Flow: Exact type intersections are unsound

So this is actually sound as presented here because of the $ReadOnly in the type of x. We cannot modify any values in x, meaning that any values that are part of U but not of T are never accessible after fn returns. If you remove the $ReadOnly type then this will error as you expect.

@dsainati1 I'm not sure I understand.

const a: {| a: any |} = { a: 1, b: 1 };
const b: {| a: any |} = fn<{| a: any |}, { b: any }>({ a: 1, b: 1 });

Why is a an error, and b is ok, when the right-hand sides of the assignments produce identical values?

Are you saying that exact types don't actually aim to provide a runtime guarantee of the absence of certain properties? They're merely meant to constrain the set of accessible properties?

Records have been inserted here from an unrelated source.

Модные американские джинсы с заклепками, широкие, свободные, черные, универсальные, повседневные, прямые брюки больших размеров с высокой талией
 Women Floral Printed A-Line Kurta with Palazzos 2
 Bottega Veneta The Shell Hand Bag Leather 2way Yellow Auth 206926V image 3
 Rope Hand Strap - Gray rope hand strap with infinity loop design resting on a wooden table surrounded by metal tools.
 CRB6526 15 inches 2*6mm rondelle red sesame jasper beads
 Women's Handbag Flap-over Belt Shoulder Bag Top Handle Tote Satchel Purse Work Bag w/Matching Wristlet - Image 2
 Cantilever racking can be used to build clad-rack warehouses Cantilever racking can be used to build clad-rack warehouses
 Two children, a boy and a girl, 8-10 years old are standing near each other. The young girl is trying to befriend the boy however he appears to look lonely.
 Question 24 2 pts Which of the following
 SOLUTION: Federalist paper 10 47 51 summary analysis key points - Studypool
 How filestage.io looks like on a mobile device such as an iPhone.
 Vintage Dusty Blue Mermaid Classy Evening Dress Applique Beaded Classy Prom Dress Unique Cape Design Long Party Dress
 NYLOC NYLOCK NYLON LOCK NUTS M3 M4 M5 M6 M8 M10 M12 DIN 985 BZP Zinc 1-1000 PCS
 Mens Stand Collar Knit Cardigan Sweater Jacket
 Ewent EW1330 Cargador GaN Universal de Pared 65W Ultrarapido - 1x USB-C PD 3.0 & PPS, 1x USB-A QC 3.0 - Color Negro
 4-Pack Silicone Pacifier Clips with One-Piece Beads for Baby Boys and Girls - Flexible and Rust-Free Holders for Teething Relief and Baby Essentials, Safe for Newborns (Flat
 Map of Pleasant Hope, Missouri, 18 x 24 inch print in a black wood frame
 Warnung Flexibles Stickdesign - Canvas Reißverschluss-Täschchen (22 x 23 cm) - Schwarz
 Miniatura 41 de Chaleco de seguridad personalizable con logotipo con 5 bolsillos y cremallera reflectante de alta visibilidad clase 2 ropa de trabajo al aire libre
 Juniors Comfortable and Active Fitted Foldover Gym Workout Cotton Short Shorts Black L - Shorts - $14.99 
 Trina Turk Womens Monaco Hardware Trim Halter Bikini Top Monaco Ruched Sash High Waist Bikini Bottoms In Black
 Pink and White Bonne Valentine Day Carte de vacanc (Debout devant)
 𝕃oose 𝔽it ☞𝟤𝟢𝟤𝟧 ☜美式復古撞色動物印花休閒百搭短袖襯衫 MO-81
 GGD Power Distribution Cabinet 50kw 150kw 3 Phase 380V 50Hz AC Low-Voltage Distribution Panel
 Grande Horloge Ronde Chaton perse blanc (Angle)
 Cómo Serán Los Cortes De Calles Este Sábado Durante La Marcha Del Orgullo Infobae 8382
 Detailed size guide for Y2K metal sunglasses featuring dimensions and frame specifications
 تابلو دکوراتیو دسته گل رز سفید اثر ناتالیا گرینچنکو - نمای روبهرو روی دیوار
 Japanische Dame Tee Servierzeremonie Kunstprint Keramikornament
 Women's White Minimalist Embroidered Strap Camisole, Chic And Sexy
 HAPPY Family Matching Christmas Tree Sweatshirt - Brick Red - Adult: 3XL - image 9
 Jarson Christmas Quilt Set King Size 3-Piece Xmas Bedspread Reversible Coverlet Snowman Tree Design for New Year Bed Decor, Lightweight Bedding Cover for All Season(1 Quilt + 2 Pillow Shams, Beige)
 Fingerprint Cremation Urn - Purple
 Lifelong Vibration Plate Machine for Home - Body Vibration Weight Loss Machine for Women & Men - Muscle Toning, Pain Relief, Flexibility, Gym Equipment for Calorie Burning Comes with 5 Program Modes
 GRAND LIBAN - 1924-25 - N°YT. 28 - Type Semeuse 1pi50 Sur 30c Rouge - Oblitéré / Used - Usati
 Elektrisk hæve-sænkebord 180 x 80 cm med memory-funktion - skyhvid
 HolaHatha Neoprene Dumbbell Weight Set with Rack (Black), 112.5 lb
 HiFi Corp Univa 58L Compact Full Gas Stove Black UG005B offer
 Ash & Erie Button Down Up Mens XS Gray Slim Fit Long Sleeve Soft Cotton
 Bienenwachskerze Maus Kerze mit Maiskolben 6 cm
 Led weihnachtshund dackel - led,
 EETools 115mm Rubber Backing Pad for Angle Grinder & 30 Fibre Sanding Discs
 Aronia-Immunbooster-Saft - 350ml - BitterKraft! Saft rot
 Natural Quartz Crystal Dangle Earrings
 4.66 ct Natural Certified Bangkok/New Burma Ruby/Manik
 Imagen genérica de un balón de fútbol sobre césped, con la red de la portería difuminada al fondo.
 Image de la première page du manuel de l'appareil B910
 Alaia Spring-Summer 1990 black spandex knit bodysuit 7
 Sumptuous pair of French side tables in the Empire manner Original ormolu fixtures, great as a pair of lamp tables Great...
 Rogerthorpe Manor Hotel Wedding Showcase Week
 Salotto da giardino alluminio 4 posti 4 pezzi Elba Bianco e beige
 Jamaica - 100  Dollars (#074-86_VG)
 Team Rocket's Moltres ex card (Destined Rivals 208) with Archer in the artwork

This yields coerce (thanks to @wchargin for the examples in other issues):

// @flow
function coerce<T, U>(t: T): U {
  function f<T, U>(x: $ReadOnly<T & U>): T {
    return x;
  }

  let r = f<{||}, { t: T }>({ t });
  let s: {||} | { t: empty } = r;
  if (s.t) {
    return s.t;
  }

  throw 'Unreachable';
}

const twelve: number = coerce("twelve"); // no type error!
twelve.toFixed(); // runtime error!

Nice. That’s not quite coerce, because your coerce(false) hits the
“unreachable” branch, but that’s easily fixed:

let r = f<{||}, { b: true, t: T }>({ b: true, t });
let s: {||} | { b: true, t: empty } = r;
if (s.b) return s.t;